START Extracted records

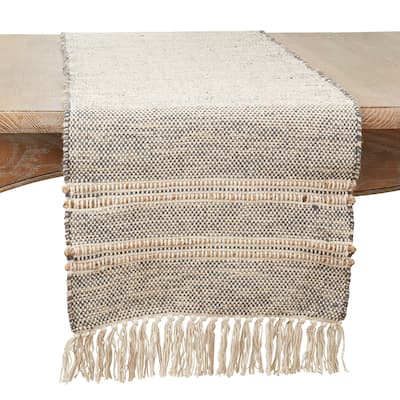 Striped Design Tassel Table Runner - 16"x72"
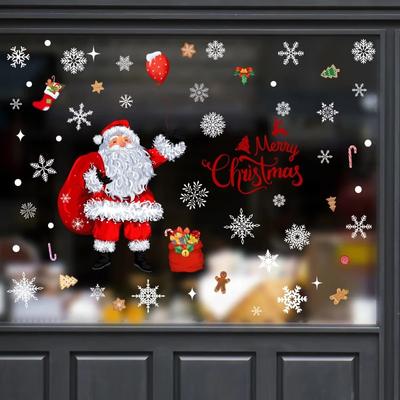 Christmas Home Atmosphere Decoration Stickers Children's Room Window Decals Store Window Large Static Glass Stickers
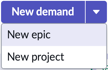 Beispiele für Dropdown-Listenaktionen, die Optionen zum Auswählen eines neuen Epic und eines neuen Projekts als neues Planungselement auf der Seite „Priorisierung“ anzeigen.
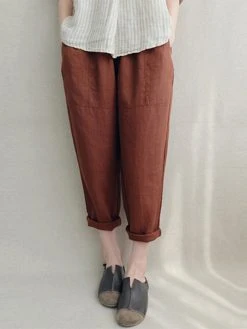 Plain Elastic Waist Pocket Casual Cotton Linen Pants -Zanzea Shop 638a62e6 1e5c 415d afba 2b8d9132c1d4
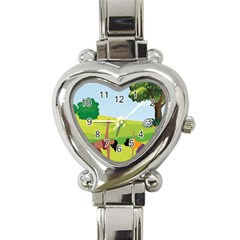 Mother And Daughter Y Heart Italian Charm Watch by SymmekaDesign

END Extracted records
START Extracted records

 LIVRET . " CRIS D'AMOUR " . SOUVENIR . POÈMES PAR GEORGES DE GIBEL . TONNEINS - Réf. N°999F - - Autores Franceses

END Extracted records
START Extracted records

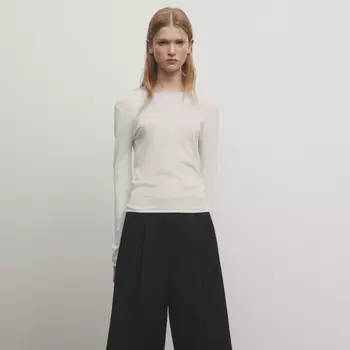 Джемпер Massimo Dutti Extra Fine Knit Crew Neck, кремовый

END Extracted records

What needs to be done
Above are some records; extract exactly the lines from the one containing "Striped Design Tassel" through the one containing "Mother And Daughter" and drop the pictures.

Result for this exercise
 Striped Design Tassel Table Runner - 16"x72"
 Christmas Home Atmosphere Decoration Stickers Children's Room Window Decals Store Window Large Static Glass Stickers
 Beispiele für Dropdown-Listenaktionen, die Optionen zum Auswählen eines neuen Epic und eines neuen Projekts als neues Planungselement auf der Seite „Priorisierung“ anzeigen.
 Plain Elastic Waist Pocket Casual Cotton Linen Pants -Zanzea Shop 638a62e6 1e5c 415d afba 2b8d9132c1d4
 Mother And Daughter Y Heart Italian Charm Watch by SymmekaDesign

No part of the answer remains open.